Tuesday, March 11, 2003

Members of Extreme Sue Six Flags Over Amusement Park Tagline

Members of the eighties rock group ‘Extreme’ recently filed a lawsuit against Six Flags Theme Parks, for the use of the tagline “The Xtreme Park” with their flagship property in Valencia, California. The lawsuit comes after nearly two years of the ad slogan being used to hype Six Flags Magic Mountain as the home of some of the most thrilling, most exciting, most ‘xtreme’ rides in the world.

“This is an extreme case of obvious copyright infringement,” stated Extreme lead singer Gary Cherone. “People hear about Magic Mountain being ‘The Xtreme Park’ and venture there, thinking that they’ll see us performing on a daily basis. Most people think we're the opening act for the 'Just Wingin' It' bird show, for some reason. It's embarrassing for us to imagine that our fans think we are some washed-up rock band that can’t get a better gig than one at an amusement park filled with hyperactive teenagers. I mean, last week, we played for a crowd of sixty people in Valparaiso, Indiana---we damn near sold out the place!”

An outraged Del Holland, general manager of Magic Mountain, stated “[Cherone] is just upset because we wiped our asses with Extreme’s proposal for a 'Pornograffitti'-themed dark ride [based on the park's 1990 album]. I guess they thought that they were Aerosmith or Ratt and assumed that they deserved to be immortalized in a thrill ride.” David Bloom, an attorney representing Six Flags, added, “We are going to reciprocate with lawsuits of our own against both the band as a whole for being a second-rate rock act and thus diluting the meaning of the word ‘xtreme,’ as well as Gary Cherone personally, who is believed to have recently “rejoined” his former band after a twenty-two minute gig as the third lead singer of Van Halen, just for the sake of cashing in on what they believe is trademark infringement.”

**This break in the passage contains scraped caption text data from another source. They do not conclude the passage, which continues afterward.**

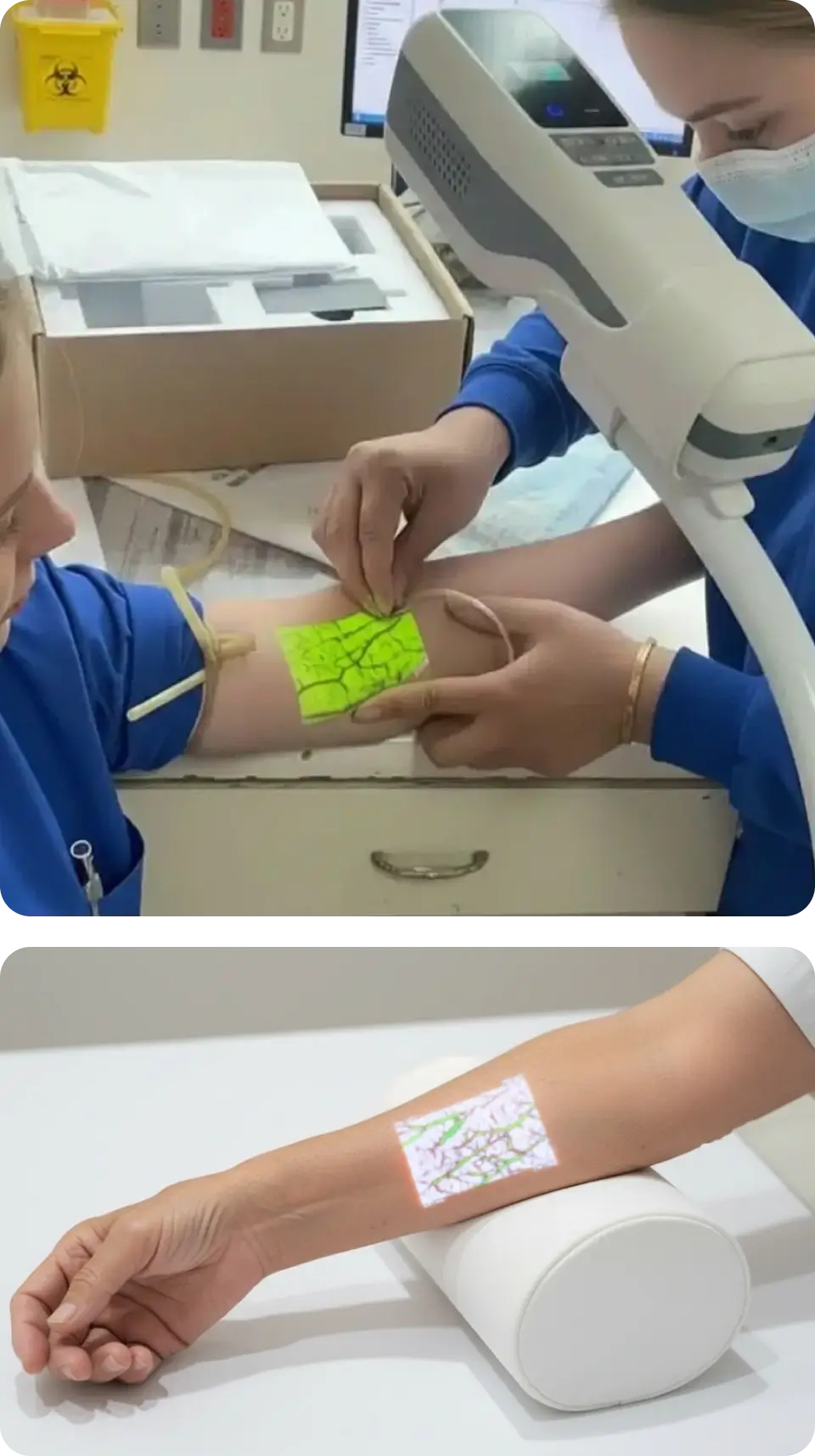 The Hellovein Lite 2.0 Vein Finder is projecting white or green vein images onto the patient’s arm.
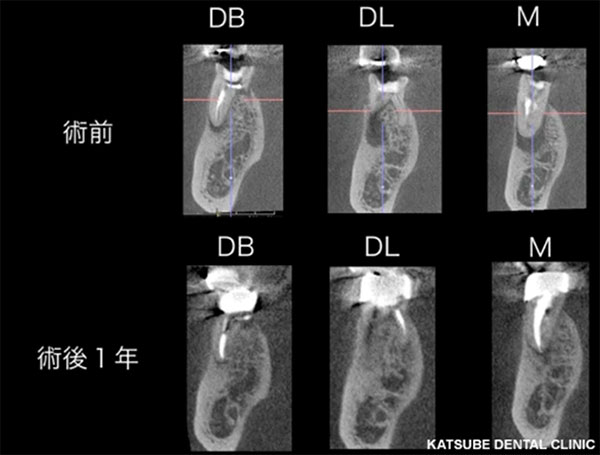 【CT術前術後】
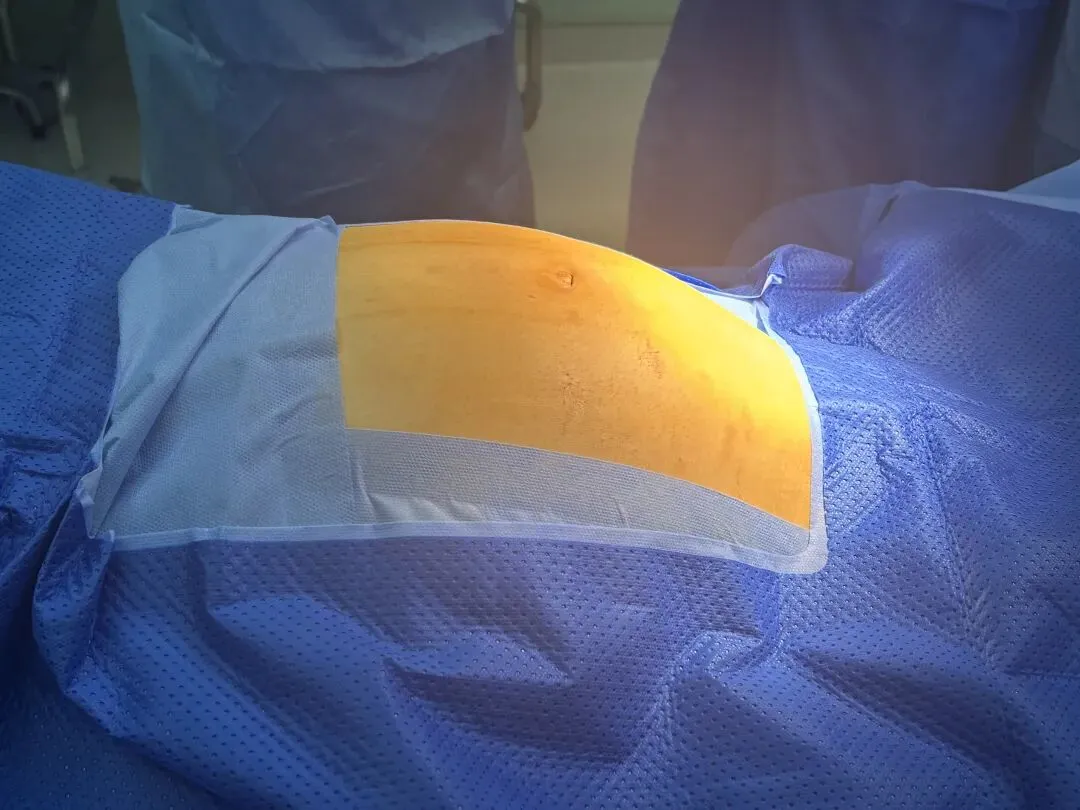 中考在即少女腹中竟藏篮球般肿瘤,医生团队精准研判,单孔微创精准为备考“抢”时间 第2张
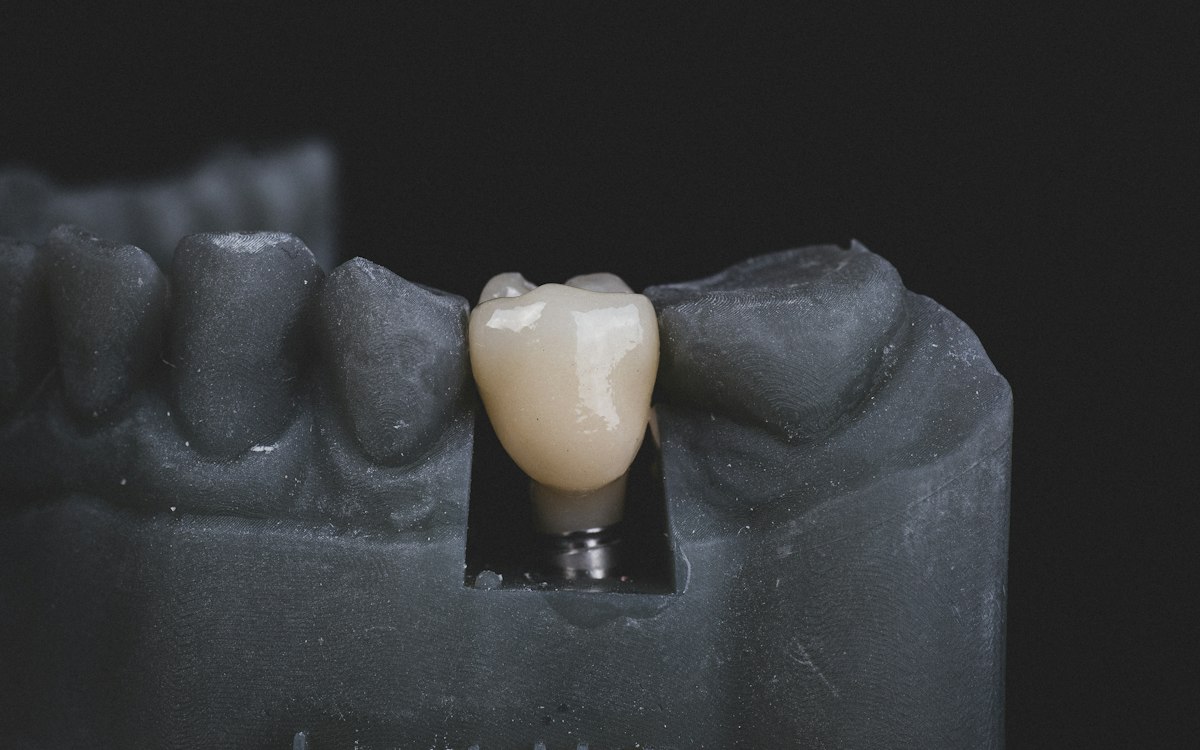 Coroană dentară pe un model de maxilar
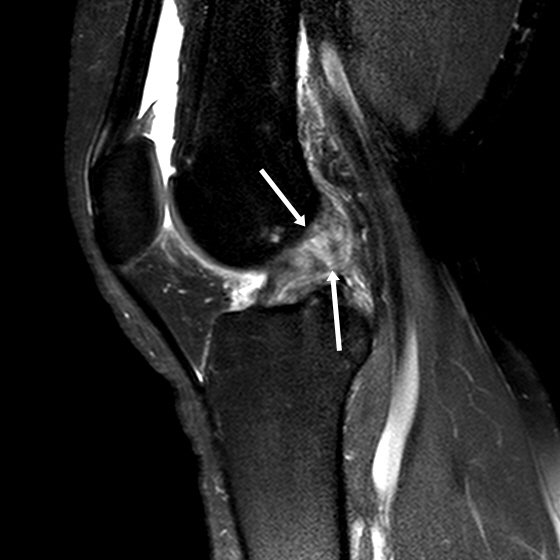 전방십자인대가 파열된 환자의 MRI 영상 (사진=인천성모병원)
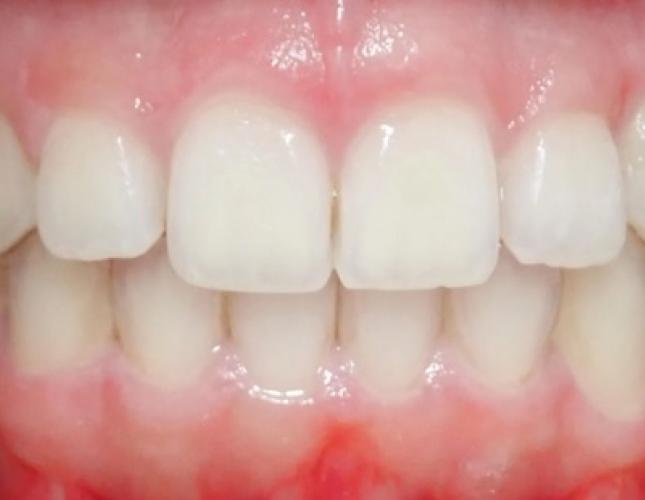 Invisalign 3 after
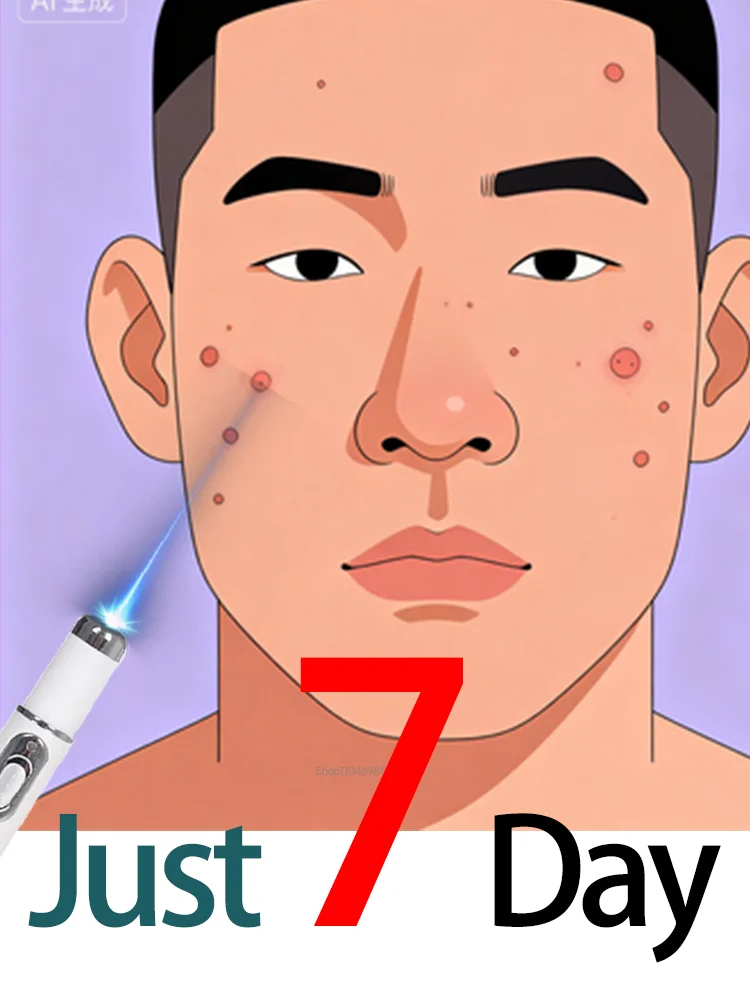 Urządzenie na brodawki z niebieskim światłem, większe zniżki na zestawy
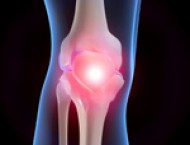 gydymo artritas artrozė apžvalgų tepalas prieš sąnarių skausmas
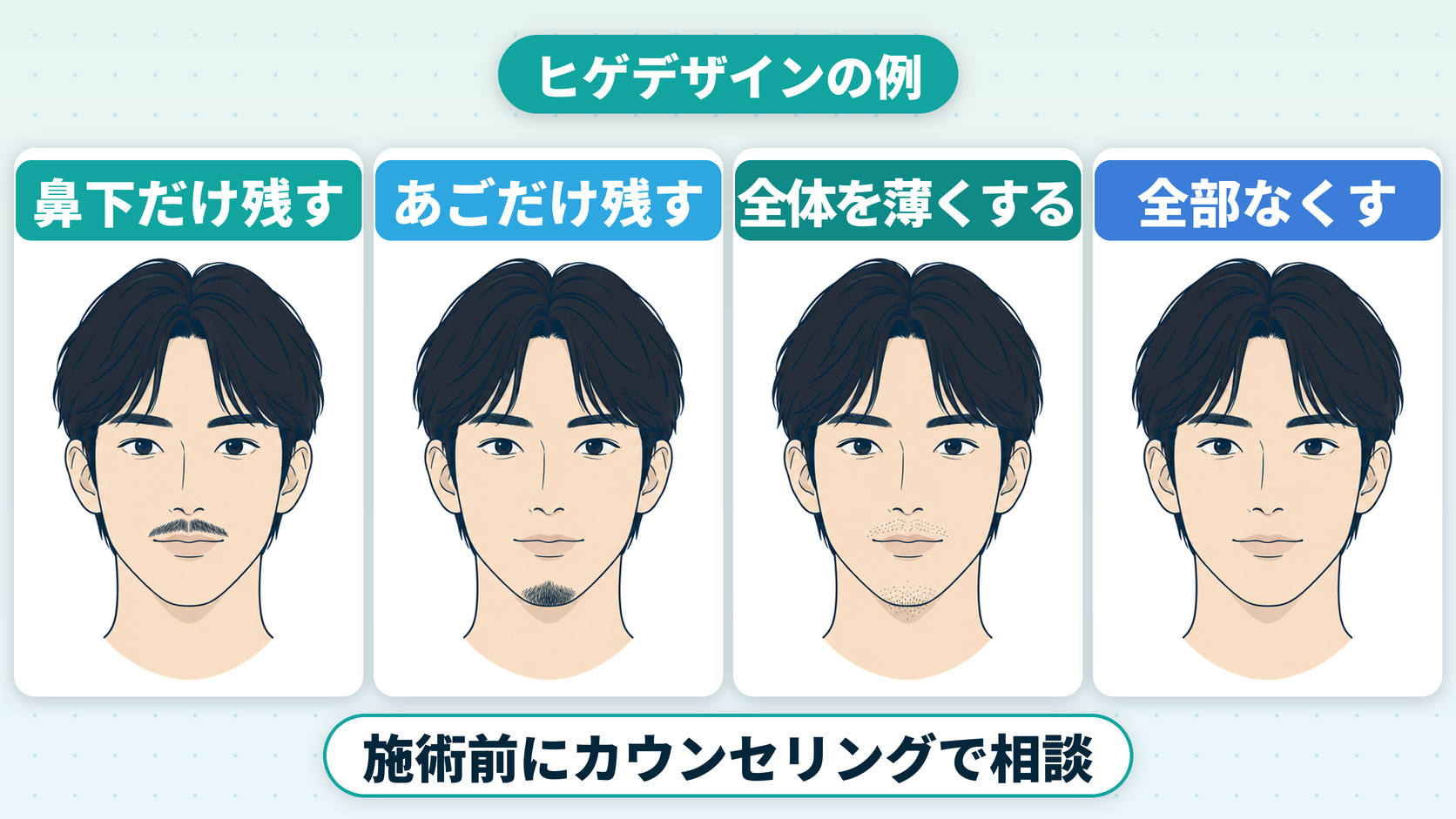 ヒゲデザインの例（鼻下だけ残す・あごだけ残す・全体を薄くする・全部なくす）を示した図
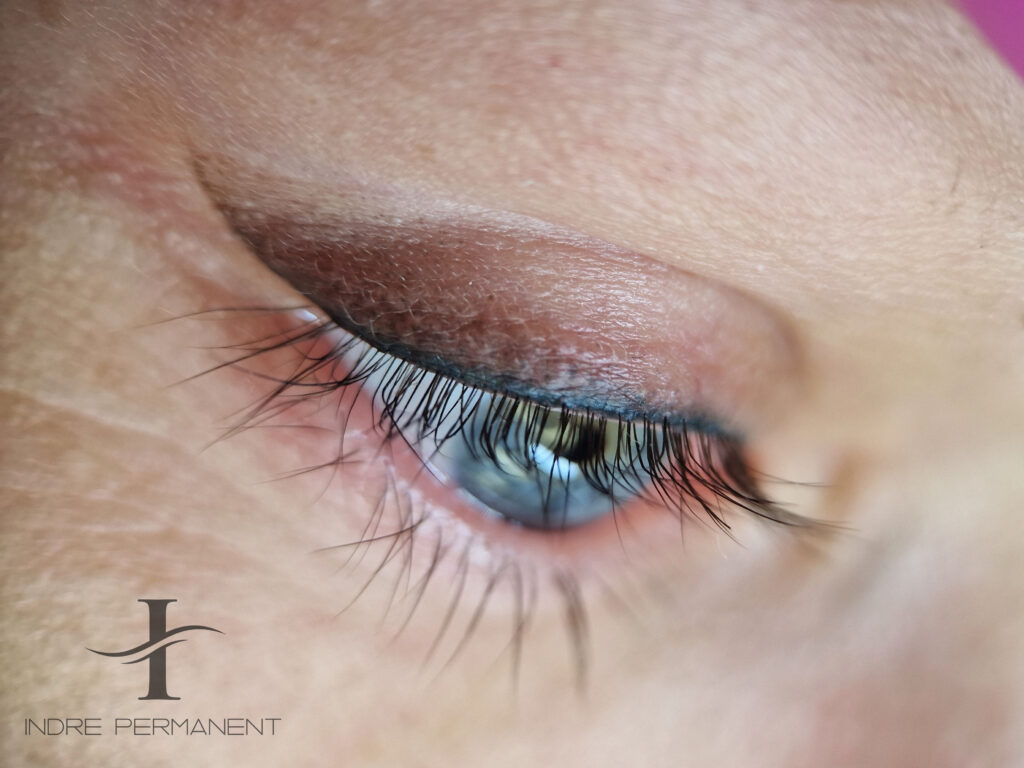 Sugijęs vokų šešėliavimas prieš atliekant korekciją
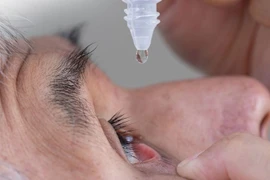 Đau mắt đỏ dùng thuốc gì?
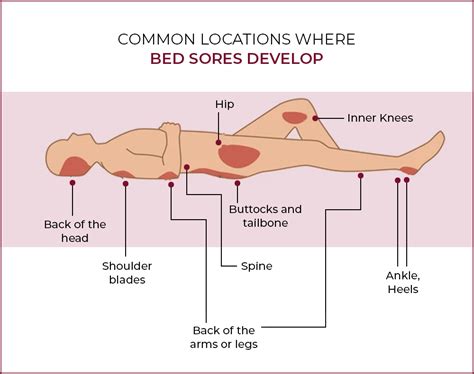 Bed Sore Management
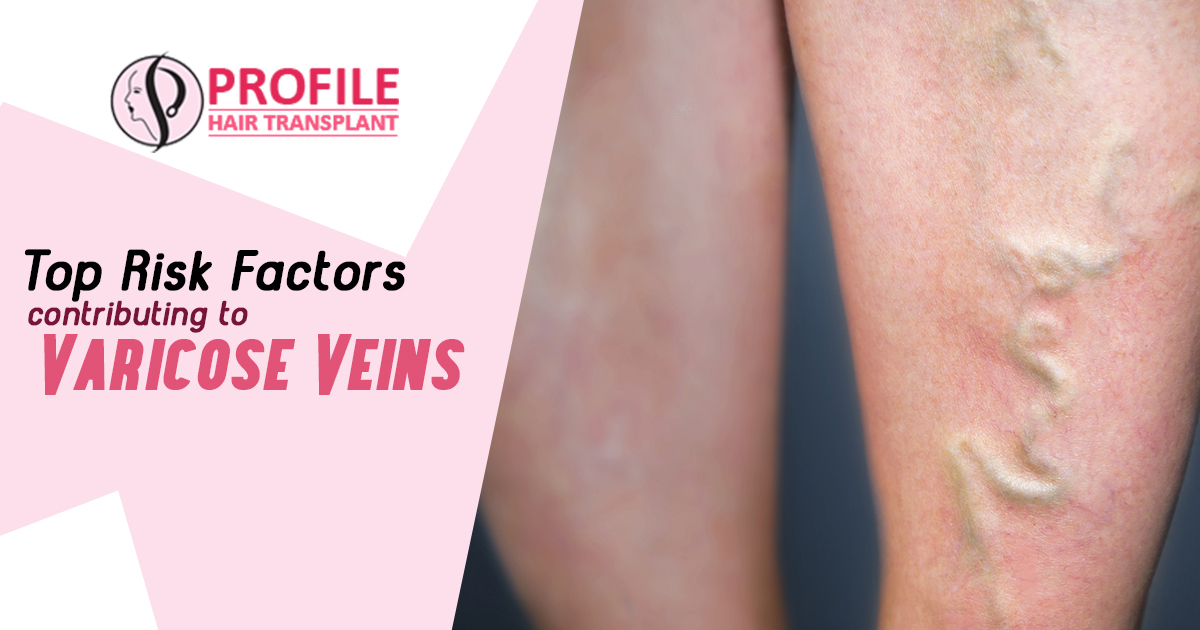 Top Risk Factors contributing to Varicose Veins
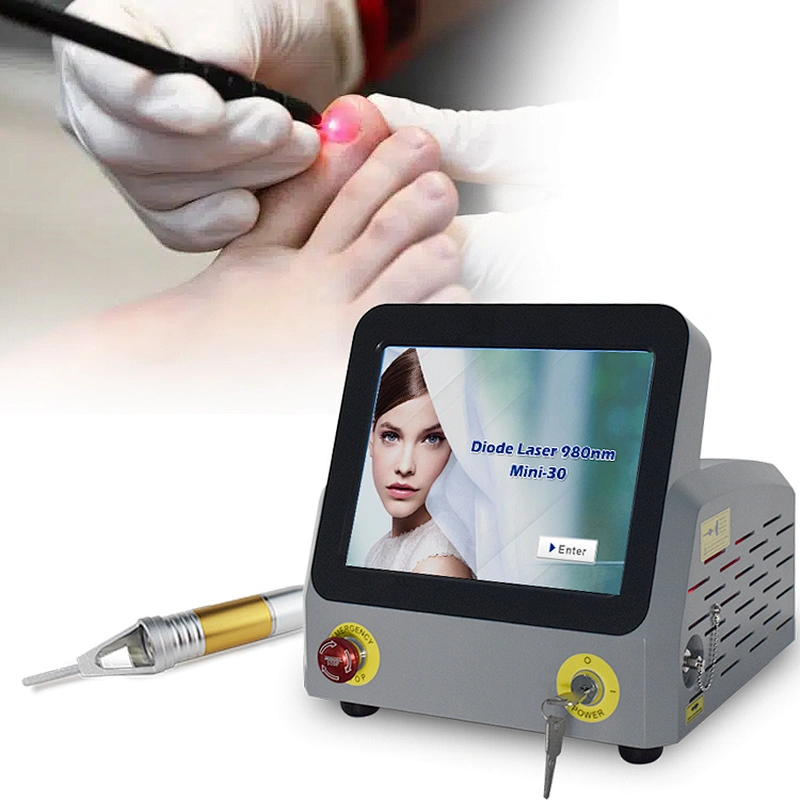 Best 4 In1 Class IV Diode Vascular Laser 980 for Chronic Pain Cold Laser Therapy Machine Onychomycosis Laser Nail Fungus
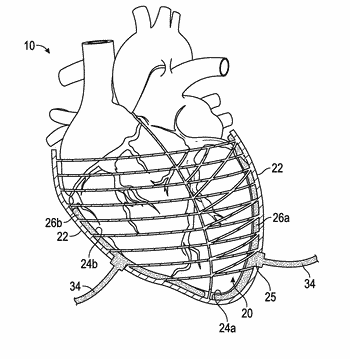 350x359 Cardiac Cycle Related Patent Applications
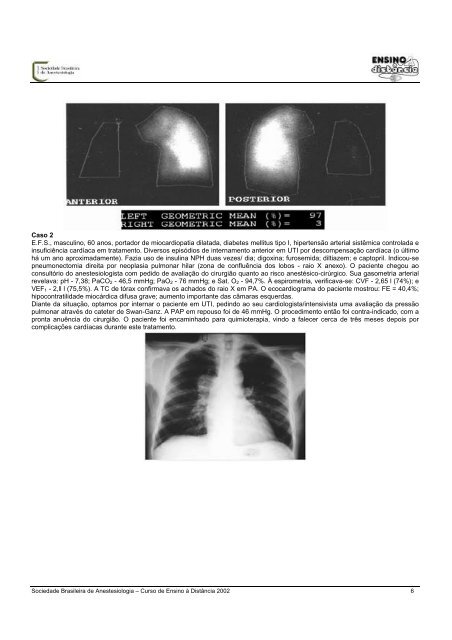 Avaliação Pré-Anestésica em Paciente com Pneumopatia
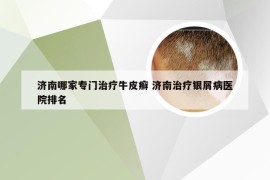 济南哪家专门治疗牛皮癣 济南治疗银屑病医院排名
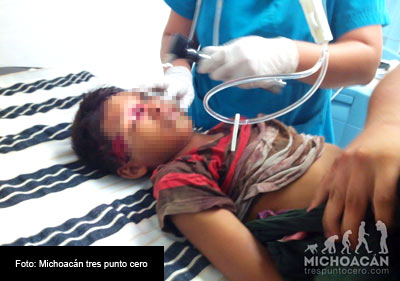 Vecinos de la comunidad denunciaron que elementos del Ejército mexicano impactaron sus vehículos con los puestos de vigilancia y luego dispararon en contra de pobladores de la zona; un niño fue alcanzado por las balas. 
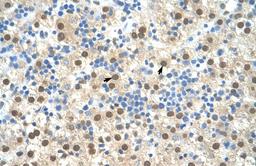 Antibody used in IHC on Human Liver cell lysates.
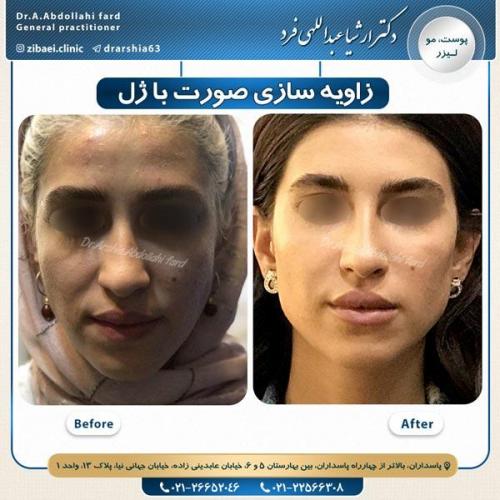 زاویه سازی صورت 1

Who Cares? Management, who represents the band, promises that the lawsuit will not have any effect on Extreme’s recently-announced 2003 World Tour, during which the band will perform at over three dozen local bars throughout the country for tens of rowdy fans, as well as open for Ratt during their summer tour of Europe.

United Nations Deploys Coaster Enthusiasts to Iraq

The United Nations today made the unusual move of deploying hundreds of international coaster enthusiasts to Iraq. With the possibility of war between the United States and Iraq looming over the issue of arms inspections in the latter country, United Nations representatives were hopeful that their drastic maneuver might yet save lives and avert catastrophe.

"We simply must have more conclusive weapons inspections," stated Burkina Lombasa, a United Nations delegate from the nation of Southwestern North Upper Faso Volta. "We are willing to do anything possible to continue negotiations and prevent civilian casualties in a terrible war. With this new maneuver, Operation Dumbo Drop, we have littered the Iraqi landscape with several hundred rabid coaster enthusiasts from various nations."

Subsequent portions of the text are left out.